* WHAT YOU HAVE TO DO:
Keep the lines exact and the pictures out as you repeat the following listing.

* INPUT RECORDS:
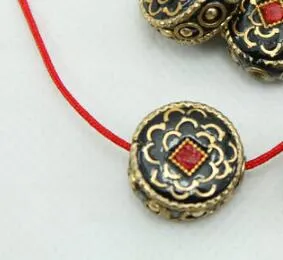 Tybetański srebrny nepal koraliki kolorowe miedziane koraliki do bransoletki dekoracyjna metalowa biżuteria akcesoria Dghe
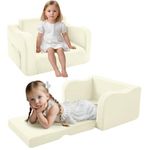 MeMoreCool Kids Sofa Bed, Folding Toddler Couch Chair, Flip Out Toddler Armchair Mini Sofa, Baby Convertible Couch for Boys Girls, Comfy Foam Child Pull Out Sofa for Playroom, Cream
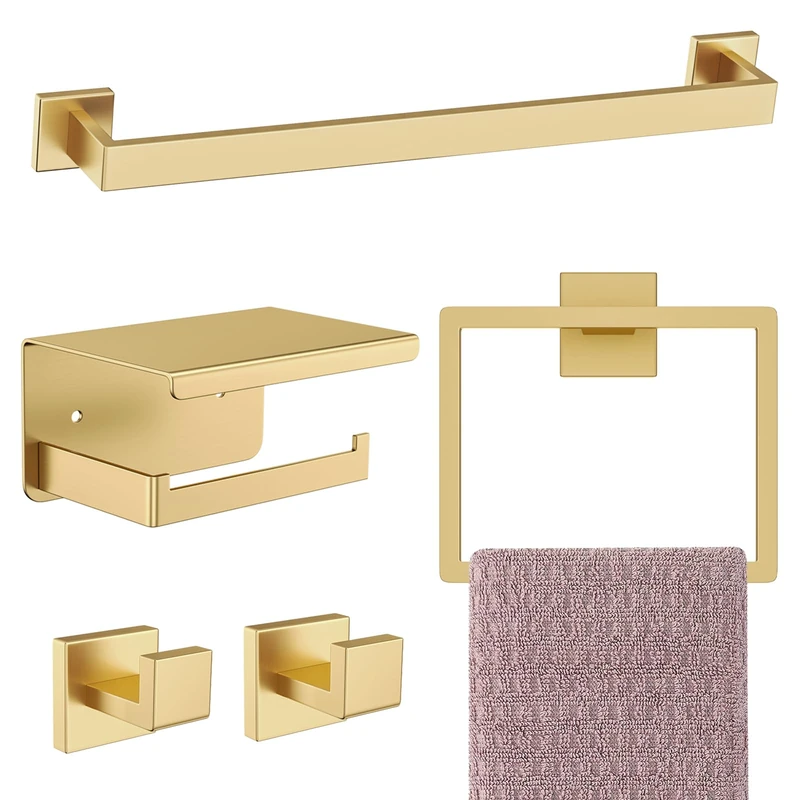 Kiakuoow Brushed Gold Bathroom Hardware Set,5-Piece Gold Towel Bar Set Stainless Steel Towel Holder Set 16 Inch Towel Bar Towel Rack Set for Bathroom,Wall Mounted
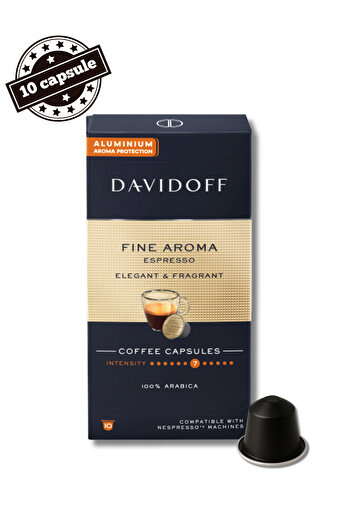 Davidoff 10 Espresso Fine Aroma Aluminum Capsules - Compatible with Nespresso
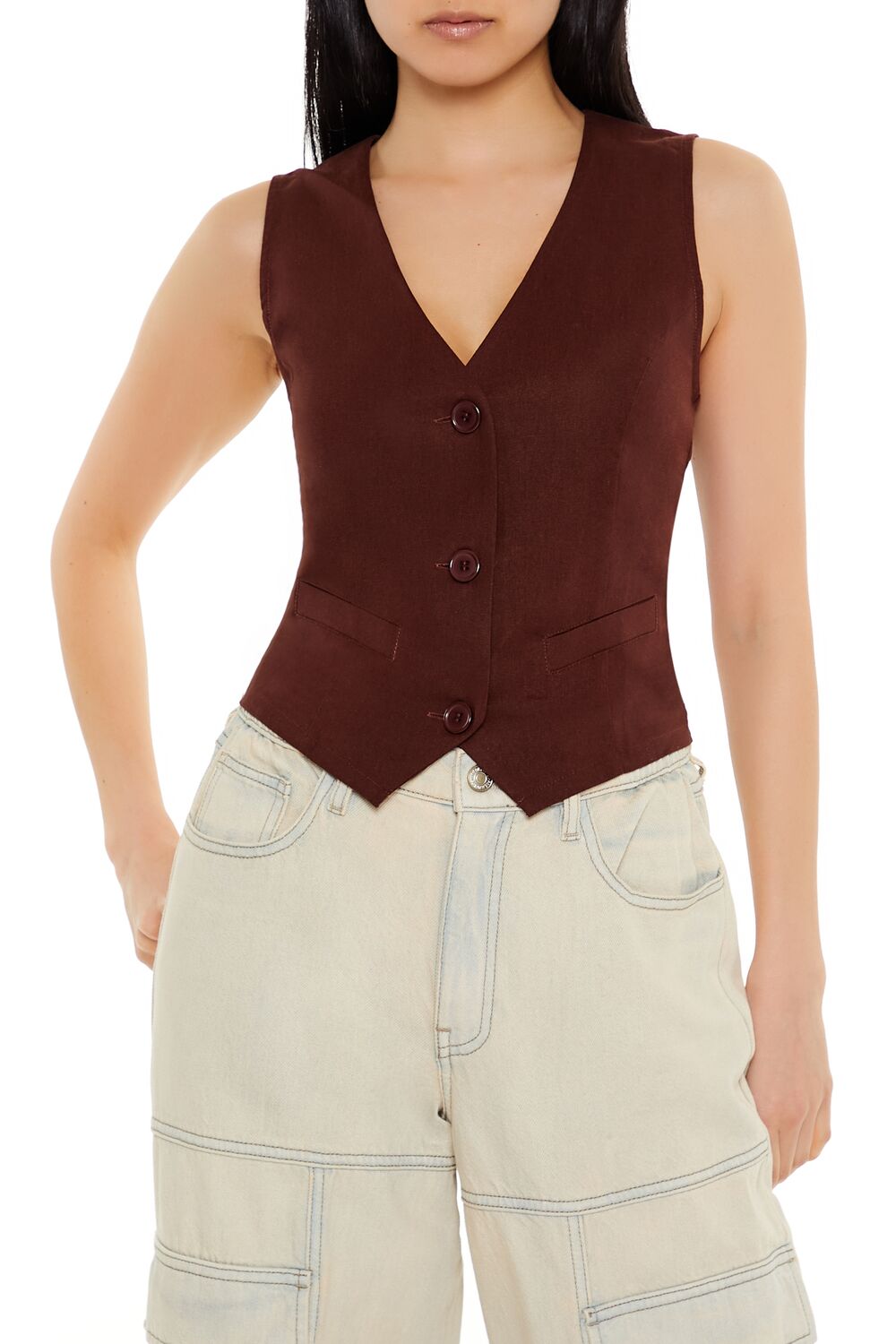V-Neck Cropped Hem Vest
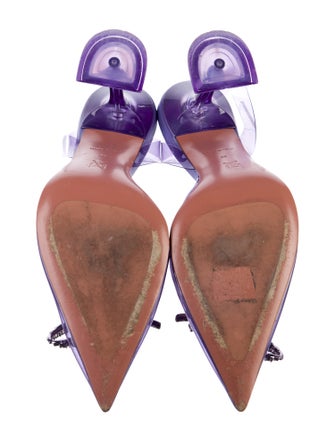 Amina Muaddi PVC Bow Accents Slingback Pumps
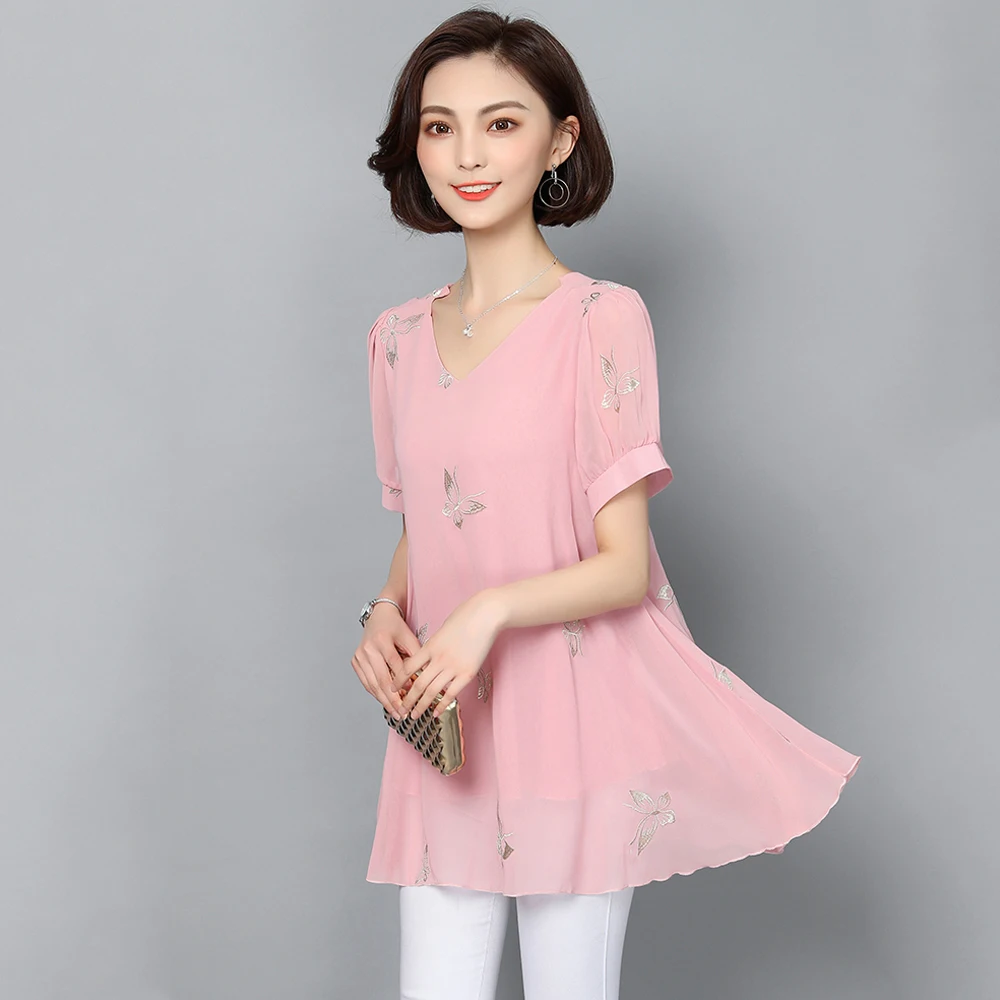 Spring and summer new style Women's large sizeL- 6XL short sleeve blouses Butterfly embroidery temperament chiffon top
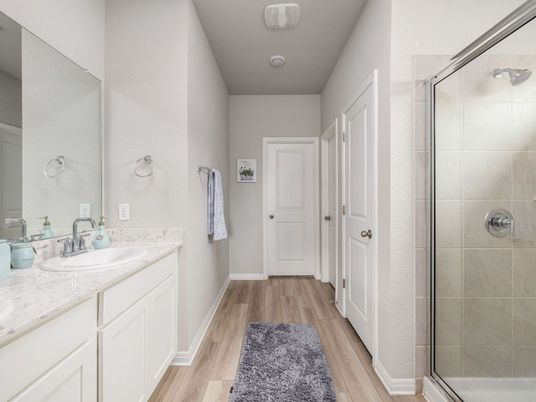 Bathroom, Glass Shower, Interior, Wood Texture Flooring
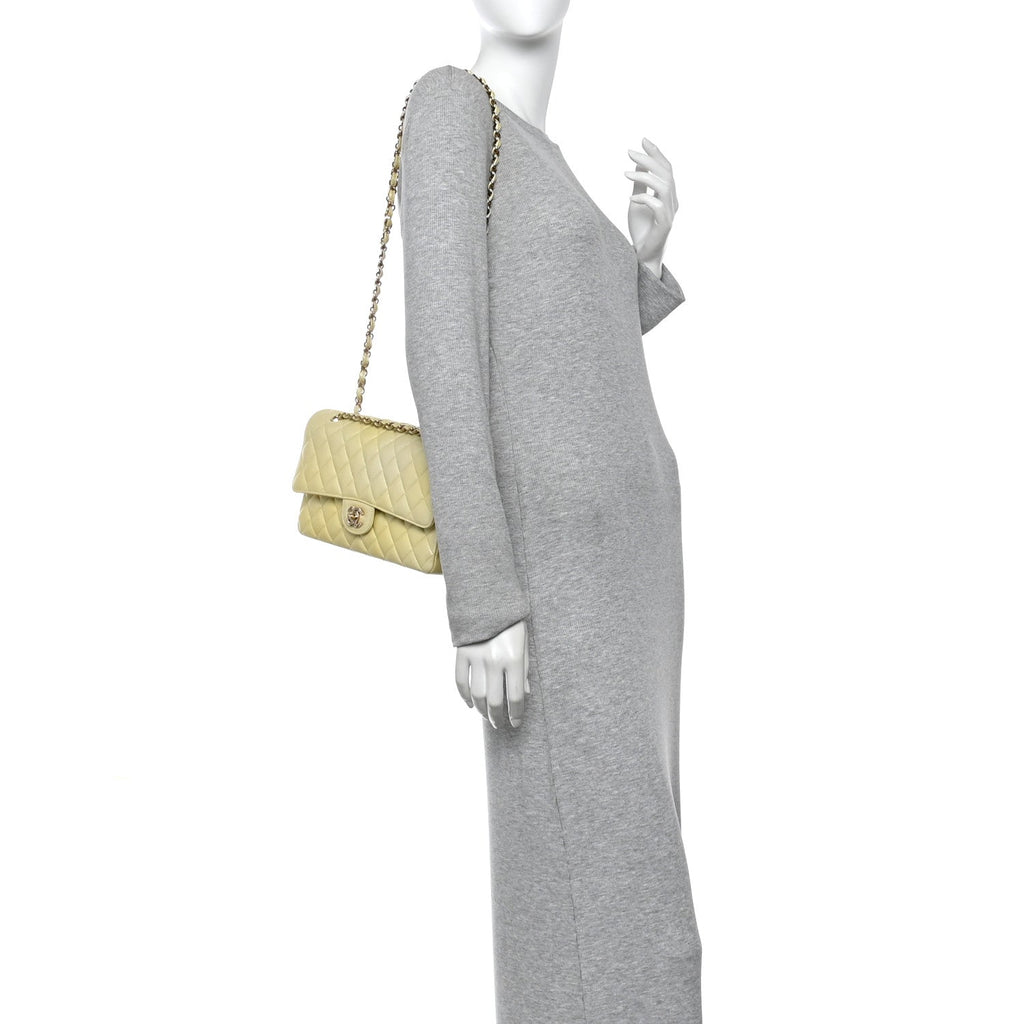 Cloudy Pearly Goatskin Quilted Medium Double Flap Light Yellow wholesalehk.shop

* WRITTEN RESPONSE:
 Tybetański srebrny nepal koraliki kolorowe miedziane koraliki do bransoletki dekoracyjna metalowa biżuteria akcesoria Dghe
 MeMoreCool Kids Sofa Bed, Folding Toddler Couch Chair, Flip Out Toddler Armchair Mini Sofa, Baby Convertible Couch for Boys Girls, Comfy Foam Child Pull Out Sofa for Playroom, Cream
 Kiakuoow Brushed Gold Bathroom Hardware Set,5-Piece Gold Towel Bar Set Stainless Steel Towel Holder Set 16 Inch Towel Bar Towel Rack Set for Bathroom,Wall Mounted
 Davidoff 10 Espresso Fine Aroma Aluminum Capsules - Compatible with Nespresso
V-Neck Cropped Hem Vest
 Amina Muaddi PVC Bow Accents Slingback Pumps
 Spring and summer new style Women's large sizeL- 6XL short sleeve blouses Butterfly embroidery temperament chiffon top
 Bathroom, Glass Shower, Interior, Wood Texture Flooring
 Cloudy Pearly Goatskin Quilted Medium Double Flap Light Yellow wholesalehk.shop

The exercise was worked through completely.